5. Evidence That KOR Systems May Contribute to Drug-Seeking Behavior in Chronic Pain States

As noted above, mood disorders are highly co-morbid in chronic pain patients (Bair et al. 2003; Howe and Sullivan 2014) and are a risk factor for the development of opioid use disorder (OUD) (Evans and Cahill 2016). A systematic review reported that chronic pain patients have high rates (13–38%) of opioid misuse (defined as opioid use contrary to the directed or prescribed pattern of use, regardless of the presence or absence of harm or adverse effects) (Vowles et al. 2015). This is consistent with reports where electronic health records of >5,000 patients with opioid use disorder revealed the majority of patients reported chronic pain preceded their opioid use disorder, and 85% of this cohort had a co-morbid mental disorder (Hser et al. 2017), a finding recently duplicated by another study (Higgins et al. 2020). The high abuse rates of therapeutic opioids have fueled a strong debate on the treatment practices of using prescription opioids and whether pain is a major factor in addiction susceptibility. With the overwhelming evidence that negative affective states drive opioid use disorder (Evans and Cahill 2016), including in chronic pain patients, it is expected that chronic pain states lead to activation of KOR systems that are involved in stress-induced reinstatement of opioid drug-seeking behavior. However, how KOR systems modulate drug-seeking behavior in chronic pain states has not been explored, but there are various clinical trials that have reported the effectiveness of KOR partial agonism or antagonism in modulating substance use disorders (Table 1).

Table 1.

Clinical trials that KOR partial agonism or antagonism improves substance use disorder (pain is noted). Nalmefene (Selincro®), a mu opioid receptor inverse agonist with weak partial KOR agonist properties, is used in the treatment of alcohol use disorder. Buprenorphine (partial mu opioid agonist, ORL-1 agonist, KOR antagonist/partial KOR agonist, and delta opioid antagonist) and naloxone (Zubsolv®, Suboxone®) combination has been used for treating opioid use disorder (Heo and Scott 2018) and this combination was reported to reduce pain. Buprenorphine in combination with samidorphan (MOR antagonist) showed beneficial effects over placebo to reduce symptoms in major depressive disorder patients who had inadequate responses to antidepressants, although this drug combination was recently rejected by the US Food and Drug Administration. Polymorphisms in the KOR gene are associated with opioid dependence. Previous reviews have discussed the safety and efficacy of buprenorphine for the treatment for chronic pain (Davis et al. 2018; Pergolizzi and Raffa 2019) or opioid use disorder (Parida et al. 2019)

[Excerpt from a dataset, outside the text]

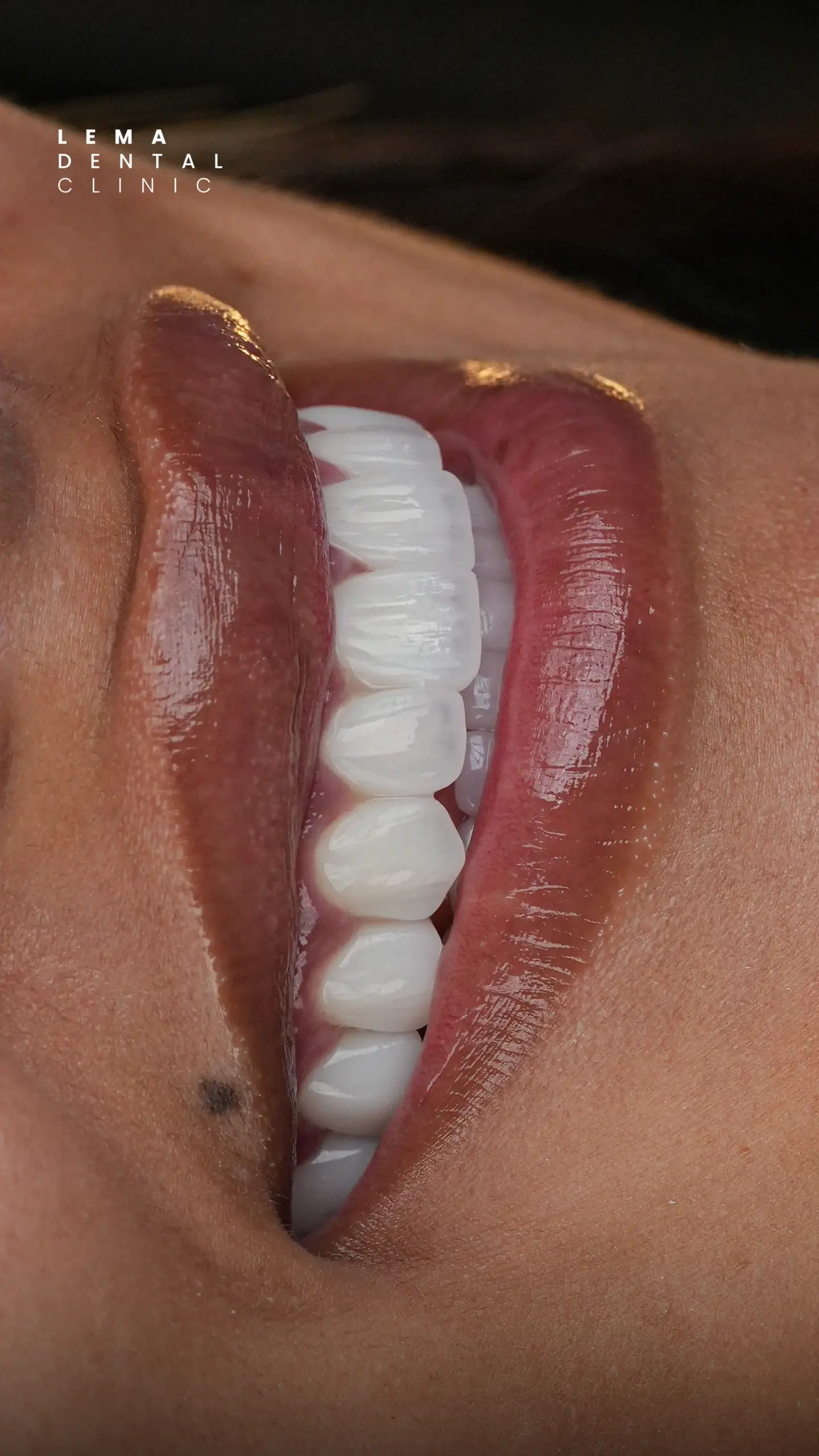 Hollywood Smile 7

Species Sex Protocol KOR ligand Brain region Model Outcome Ref
Human M/F Phase IV clinical trial Nalmefene na EtOH-dependent outpatients ↓ Heavy drinking days
↓ Total EtOH consumption		 (Barrio et al. 2018)
Human M/F Double -blind Multicenter Randomized Nalmefene na AUD (>60 g/day M >40 g/day F) ↓ Heavy drinking days
↓ Total EtOH consumption		 (Miyata et al. 2019)

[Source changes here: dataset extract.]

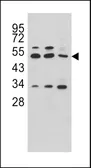 Anti-CPA4 antibody, C-term used in Western Blot (WB). GTX81517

Human M/F FMRI Placebo controlled, double-blind Nalmefene Putamen, angular gyrus, supramarginal gyrus, (↔amygdala) AUD ↑ BOLD to emotional faces in areas responsible for empathy and social cognition, attentional shift happy > fearful (Vollstädt-Klein et al. 2019)
Human M/F Double-blind, placebo control trial Nalmefene na AUD ↓ Heavy drinking days (Mason et al. 1999)

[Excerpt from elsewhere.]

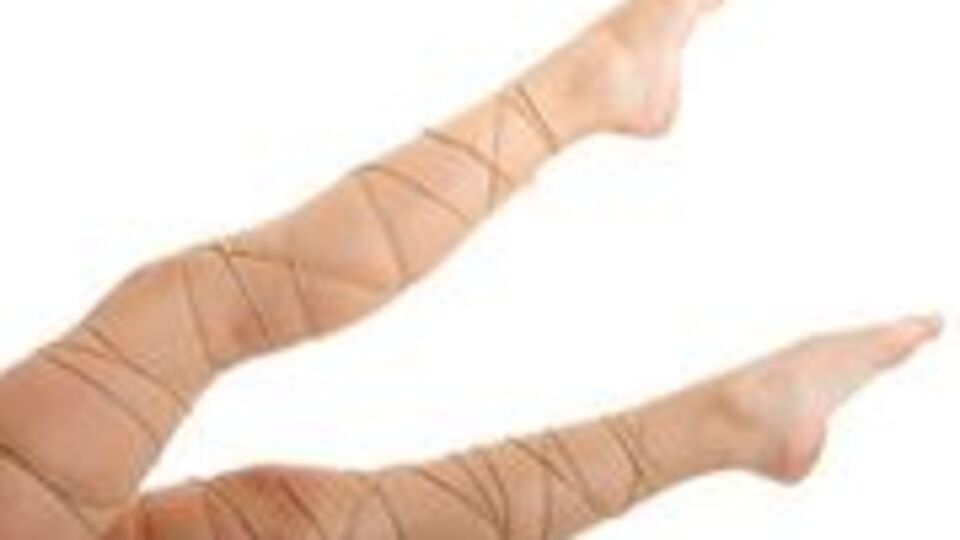 Meslek hastalığı: Varis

Human Male FMRI with i.v. EtOH (6% v/v to achieve 80 mg/dL) Nalmefene Striatum Heavy drinkers ↓ BOLD during reward anticipation (Quelch et al. 2017)
Human ORPK1 gene polymorphism (rsl0958350-rs7016778-rsl2675595) na Methadone maintenance for OUD Polymorphism was associated with opioid withdrawal (Wang et al. 2014)
Human ORPK1 gene polymorphism (rs997917, rs6985606) na Methadone maintenance for OUD Polymorphism was associated with opioid dependence (Albonaim et al. 2017)
Human ORPK1 gene polymorphism (KOR 36G > T SNP, rs6473797, rsl6918842, rs3802279) na Heroin-dependence Polymorphism was associated with heroin dependence (Yuferov et al. 2004; Gerra et al. 2007; Levran et al. 2008; Yuanyuan et al. 2018)
Human Male Suicide ideation for inpatients Buprenorphine (sublingual) na OUD and major depressive disorder ↓ Suicide ideation (Ahmadi et al. 2018)
Human M/F Multicenter double-blind placebo controlled trial Buprenorphine/samidorphan (not approved by FDA) na Major depressive disorder ↓ Depression (HAM-D, 17-item scale, Montgomery-Åsberg depression rating scale and the clinical global impressions severity scale) (Ehrich et al. 2015a; Fava et al. 2016)
Human M/F OUD Buprenorphine-naloxone na OUD ↓ Pain intensity (in non-chronic pain cohorts) (Becker et al. 2015)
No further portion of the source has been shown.